The main thread iterates over the futures of the background threads in the order in which they were created and prints out "Done thread ..." when the corresponding thread finished.
The output is synchronized correctly, but after some threads have started and some have finished (see output below), a deadlock occurres. All background threads left and the main thread are waiting for the mutex.
What is the reason for the deadlock?
When the print function is left or one iteration of the for loop ends, the lock_guard should unlock the mutex, so that one of the waiting threads would be able to proceed.
Why are all the threads left starving?
Code
#include <future>
#include <iostream>
#include <vector>
using namespace std;
std::mutex mtx; // mutex for critical section
int print_start(int i) {
lock_guard<mutex> g(mtx);
cout << "Started thread" << i << "(" << this_thread::get_id() << ") " << endl;
return i;
}
int main() {
vector<future<int>> futures;
for (int i = 0; i < 10; ++i) {
futures.push_back(async(print_start, i));
}
//retrieve and print the value stored in the future
for (auto &f : futures) {
lock_guard<mutex> g(mtx);
cout << "Done thread" << f.get() << "(" << this_thread::get_id() << ")" << endl;
}
cin.get();
return 0;
}
Output
Started thread0(352)
Started thread1(14944)
Started thread2(6404)
Started thread3(16884)
Done thread0(16024)
Done thread1(16024)
Done thread2(16024)
Done thread3(16024)
Your problem lies in the use of future::get:
Returns the value stored in the shared state (or throws its exception)
when the shared state is ready.
If the shared state is not yet ready (i.e., the provider has not yet
set its value or exception), the function blocks the calling thread
and waits until it is ready.
http://www.cplusplus.com/reference/future/future/get/
So if the thread behind the future didn't get to run yet, the function blocks until that thread finishes.
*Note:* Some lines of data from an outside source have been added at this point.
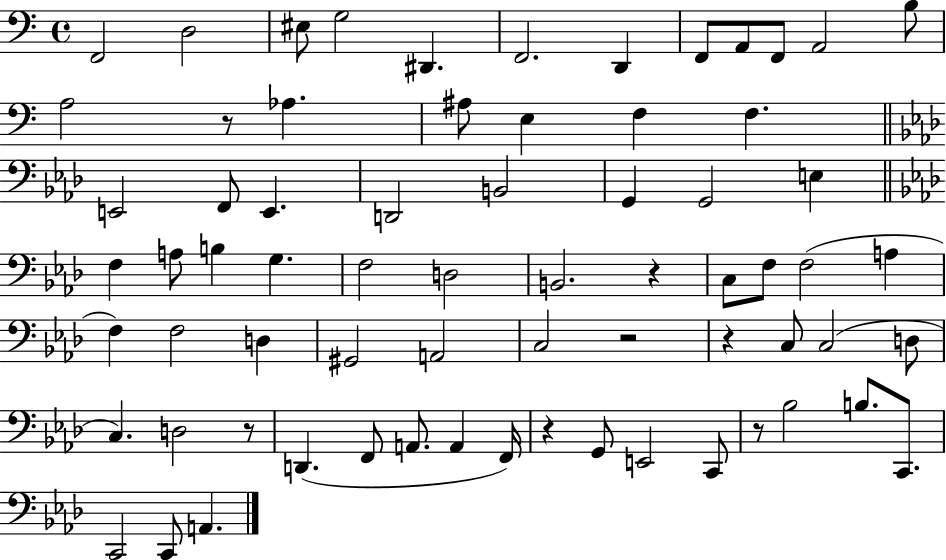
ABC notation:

X:1
T:Untitled
M:4/4
L:1/4
K:C
F,,2 D,2 ^E,/2 G,2 ^D,, F,,2 D,, F,,/2 A,,/2 F,,/2 A,,2 B,/2 A,2 z/2 _A, ^A,/2 E, F, F, E,,2 F,,/2 E,, D,,2 B,,2 G,, G,,2 E, F, A,/2 B, G, F,2 D,2 B,,2 z C,/2 F,/2 F,2 A, F, F,2 D, ^G,,2 A,,2 C,2 z2 z C,/2 C,2 D,/2 C, D,2 z/2 D,, F,,/2 A,,/2 A,, F,,/4 z G,,/2 E,,2 C,,/2 z/2 _B,2 B,/2 C,,/2 C,,2 C,,/2 A,,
However, you take ownership of the mutex before calling future::get, so whichever thread you're waiting for will not be able to attain the mutex for itself.
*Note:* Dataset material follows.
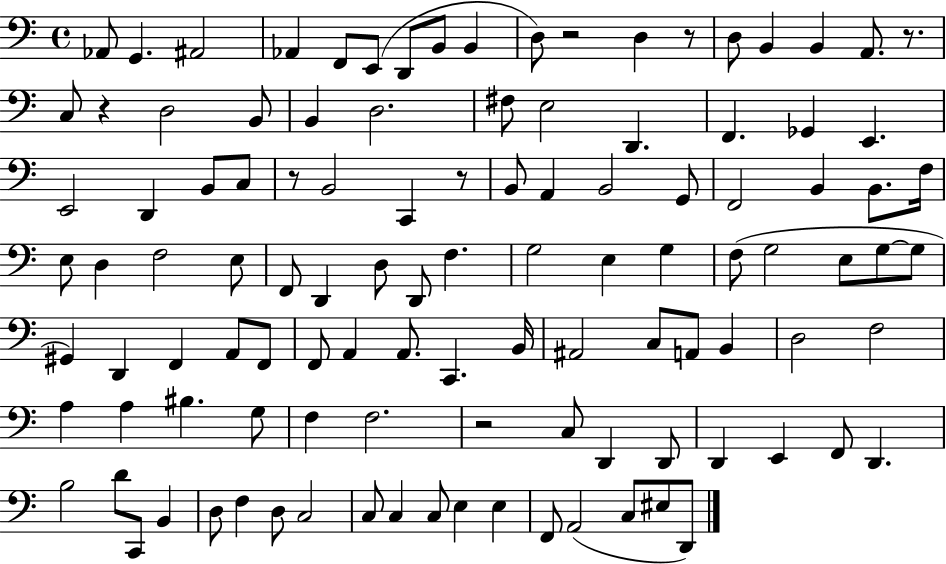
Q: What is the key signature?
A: C major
This should fix your deadlock problem:
int value = f.get();
lock_guard<mutex> g(mtx);
cout << "Done thread" << value << "(" << this_thread::get_id() << ")" << endl;
You lock the mutex and then wait for one of the futures, which in turn requires a lock on the mutex itself. Simple rule: Don't wait with locked mutexes.
BTW: Locking output streams is not very effective, because it can easily be circumvented by code you don't even control. Rather than using those globals, give a stream to code that needs to output something (dependency injection) and then collect the data from that stream in a threadsafe way. Or use a logging library, because that's probably what you wanted to do anyway.
It is good that the reason was spotted from the source. However, quite often the error, as it happens, may be not so easy to locate. And the reason may differ as well. Fortunately, in case of deadlock you can use debugger to investigate it.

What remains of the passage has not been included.